Patient self-management of chronic disease in primary care   总被引:44,自引:2,他引:42  
Bodenheimer T  Lorig K  Holman H  Grumbach K 《JAMA》2002,288(19):2469-2475
Thomas Bodenheimer, MD; Kate Lorig, RN, DrPH; Halsted Holman, MD; Kevin Grumbach, MD

JAMA. 2002;288:2469-2475.

Patients with chronic conditions make day-to-day decisions about—self-manage—their illnesses. This reality introduces a new chronic disease paradigm: the patient-professional partnership, involving collaborative care and self-management education. Self-management education complements traditional patient education in supporting patients to live the best possible quality of life with their chronic condition. Whereas traditional patient education offers information and technical skills, self-management education teaches problem-solving skills. A central concept in self-management is self-efficacy—confidence to carry out a behavior necessary to reach a desired goal. Self-efficacy is enhanced when patients succeed in solving patient-identified problems.
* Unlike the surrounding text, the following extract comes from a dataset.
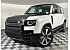 New 2026 Land Rover Defender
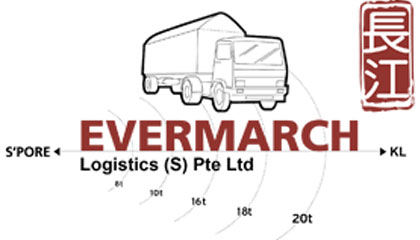 Evermarch logo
Evidence from controlled clinical trials suggests that (1) programs teaching self-management skills are more effective than information-only patient education in improving clinical outcomes; (2) in some circumstances, self-management education improves outcomes and can reduce costs for arthritis and probably for adult asthma patients; and (3) in initial studies, a self-management education program bringing together patients with a variety of chronic conditions may improve outcomes and reduce costs. Self-management education for chronic illness may soon become an integral part of high-quality primary care.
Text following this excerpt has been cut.